Material supplied:
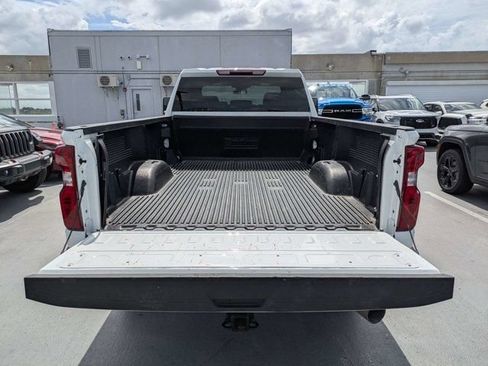 Used 2025 Chevrolet Silverado 2500 LT w/ Convenience Package AWD/4WD image 12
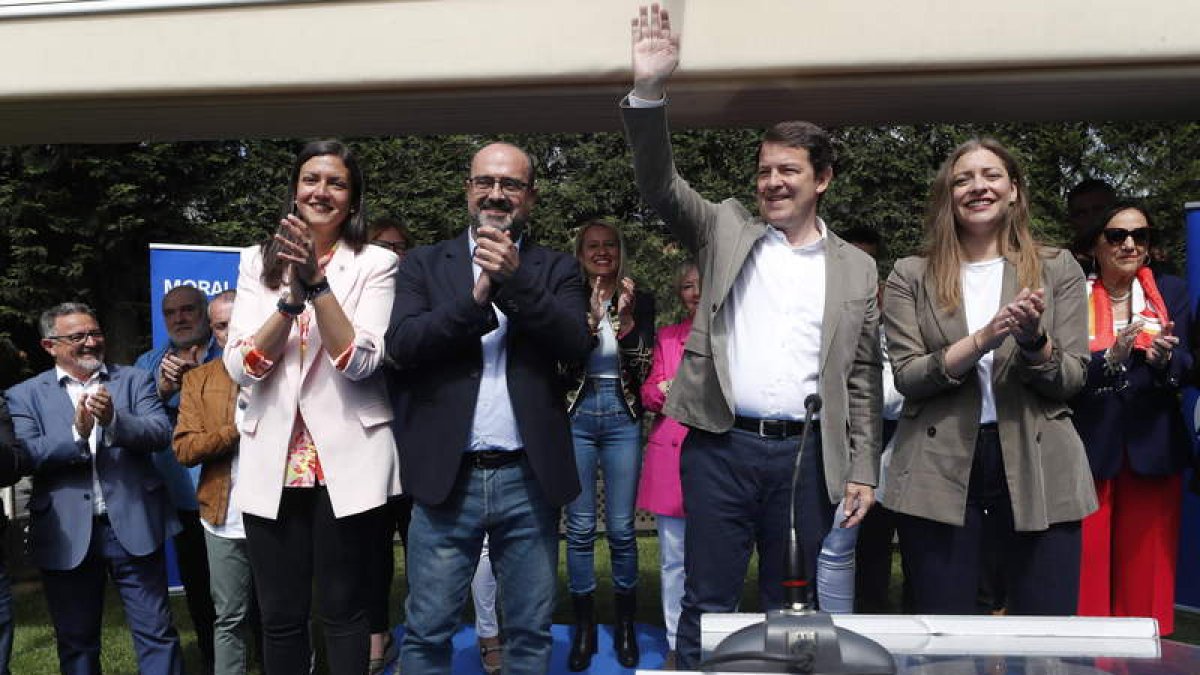 El presidente autonómico Alfonso Fernández Mañueco, entre el candidato de Ponferrada Marco Morala y la líder del PP en León, Ester Muñoz. L. DE LA MATA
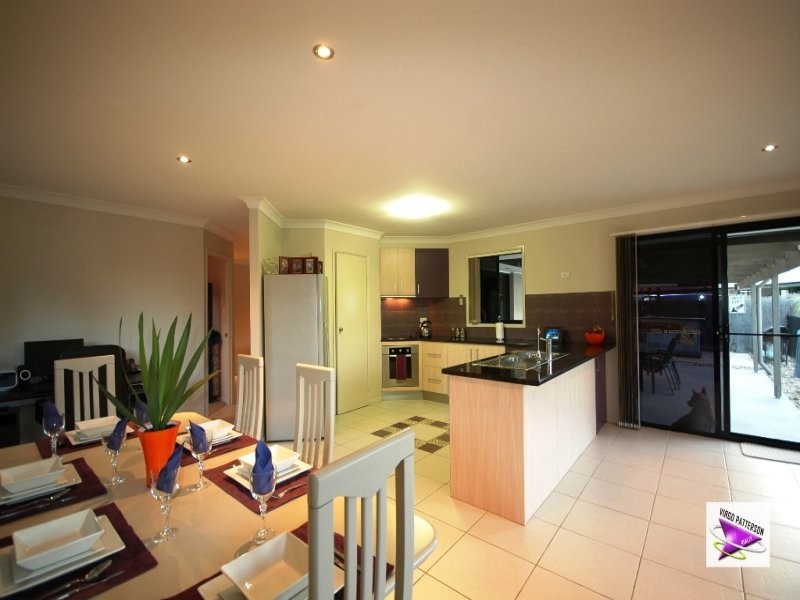 2/106 Glade Drive, Gaven QLD 4211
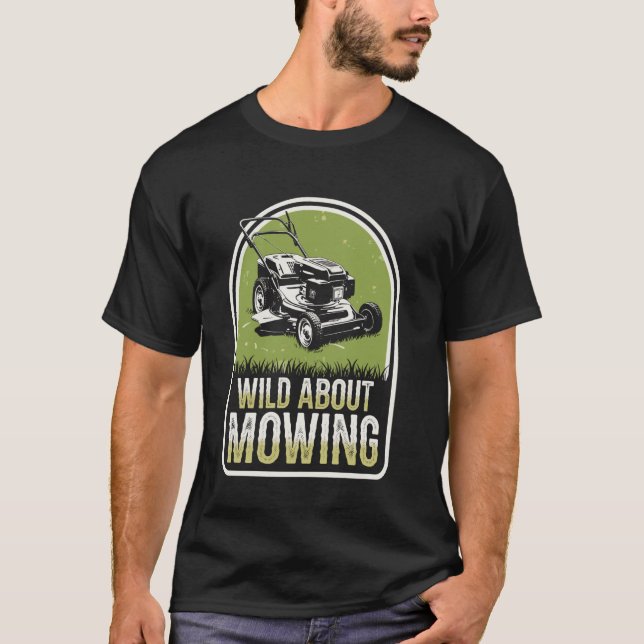 Wild beim Mähen Lustiger Rasenmäher Rasenmäher T-Shirt (Vorderseite)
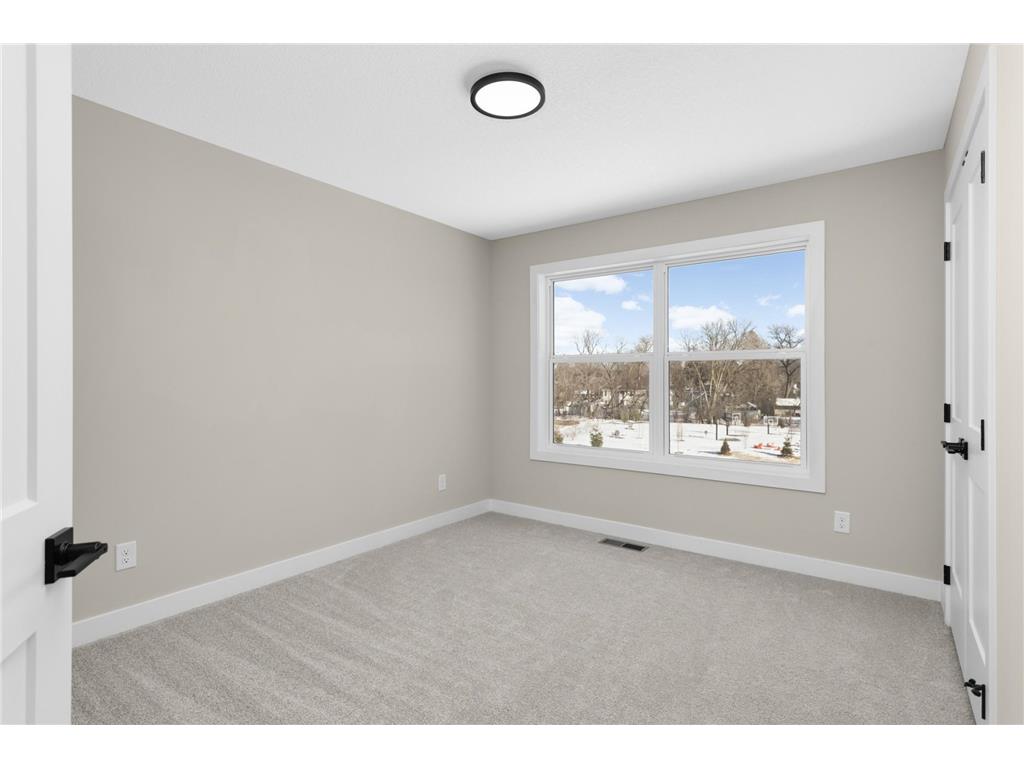 2164 Eustis Street Roseville MN 55113 7020449 image32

Task directions: Copy exactly, and only, the lines from the line containing "2/106 Glade Drive, Gaven QLD 4211" through the final line of the material above, with no pictures.

Output below:
 2/106 Glade Drive, Gaven QLD 4211
 Wild beim Mähen Lustiger Rasenmäher Rasenmäher T-Shirt (Vorderseite)
 2164 Eustis Street Roseville MN 55113 7020449 image32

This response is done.